# Data Science Interview Questions

## Problem: Fair and unfair coins
This problem was asked by Facebook.   
There is a fair coin (one side heads, one side tails) and an unfair coin (both sides tails).  
You pick one at random, flip it 5 times, and observe that it comes up as tails all five times. What is the chance that you are flipping the unfair coin?



#### Solution
$$P(unfair|5 tails) = P(5 tails|unfair) * P (unfair) = 1 * 0.5 = 0.5$$

In [2]:
p_unfair = 1
p_fair = 0.5**5
p_fair

0.03125

In [3]:
p_unfair / (p_unfair + p_fair)

0.9696969696969697

---

## Problem: Min of two uniform distributions 
This problem was asked by Google.    
Say we have X ~ Uniform(0, 1) and Y ~ Uniform(0, 1). What is the expected value of the minimum of X and Y?

#### Solution
Let $Z = min(X, Y)$. Then we know:

$P(Z \le z) = P(X \le z, Y \le z) = 1 - P(X > z, Y > z)$        
$P(Z≤z)=P(X≤z,Y≤z)=1−P(X>z,Y>z)$        

For a uniform distribution the following is true for a value of z between 0 and 1:    

$P(X > z) = 1-z \space \text{and} \space P(Y>z) = 1 - z$        
$P(X>z)=1−z and P(Y>z)=1−z$    

Since X and Y are iid, this yields:    

$P(Z \le z) = 1 - P(X > z, Y > z) = 1 - (1-z)^2$
$P(Z≤z)=1−P(X>z,Y>z)=1−(1−z)^2$

Now we have the CDF of z. We can get the PDF by taking a derivative to get:    

$f_Z(z)= 2(1-z)

Then we can solve for the expected value by taking the integral:    

$E[Z] = \int_{0}^{1} zf_Z(z)dz = 2\int_{0}^{1} z(1-z)dz = 2(\frac{1}{2}-\frac{1}{3}) = \frac{1}{3}$

---

## Problem: Fraud detection trade-offs
This problem was asked by Affirm.    
Assume we have a classifier that produces a score between 0 and 1 for the probability of a particular loan application being fraudulent.    
In this scenario:    
- a) what are false positives 
- b) what are false negatives
- c) what are the trade-offs between them in terms of dollars and how should the model be weighted accordingly?

#### Solution
- a) False positive would be all those loans not fraudulent, being classified as fraudulent
- b) False negatives would be all those fraudulent loans classified as not-fraudulent
- c) We definitely want to avoid false negatives in this case.
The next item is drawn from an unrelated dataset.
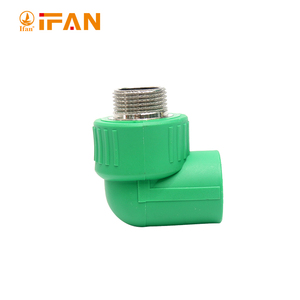 PN25 <span class=keywords><strong>PPR</strong></span> tubería de <span class=keywords><strong>agua</strong></span> <span class=keywords><strong>caliente</strong></span> de plástico Flexible de polietileno tubo rollo 20mm 25mm 32mm insertar <span class=keywords><strong>ppr</strong></span> al <span class=keywords><strong>ppr</strong></span> tubo - Product Image 6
One way would be to adjust the cost function to weight more the false negatives cases.

---

## Problem: Ranking list of shows 
This problem was asked by Netflix.    
How would you design a metric to compare rankings of lists of shows for a given user?    

#### Solution
- Kind of an edit distance for strings, which tell me how many changes away is one list to become the other.
- Weighted sum of simillar titles, creating the weights by the (priority) first appearence on the list

---

## Problem: Measure user retention 
This problem was asked by Facebook.    
Assume you have the below tables on user actions. Write a query to get the active user retention by month.     
user_actions    
    
column_name	type    
user_id	integer     
event_id	string ("sign-in", "like", "comment")    
timestamp	datetime     

#### Solution
In the actions table, we can first define a temporary table called "mau" to get the monthly active users by month. Then we can do a self join by comparing every user_id across last month vs. this month, using the add_months() function to compare this month versus last month, as follows:
```sql
WITH mau AS
    (SELECT DISTINCT DATE_TRUNC(‘month’, timestamp) AS month, user_id FROM user_actions)

SELECT
    mau.month,
    COUNT(DISTINCT user_id) AS retained_users
FROM
    mau curr_month
JOIN
    mau last_month
ON curr_month.month = add_months(last_month.month, 1)
    AND curr_month.user_id = last_month.user_id
GROUP BY 1 ORDER BY 1 ASC

```

---

## Problem: 
This problem was asked by Robinhood.

Given a number n, return the number of lists of consecutive positive integers that sum up to n.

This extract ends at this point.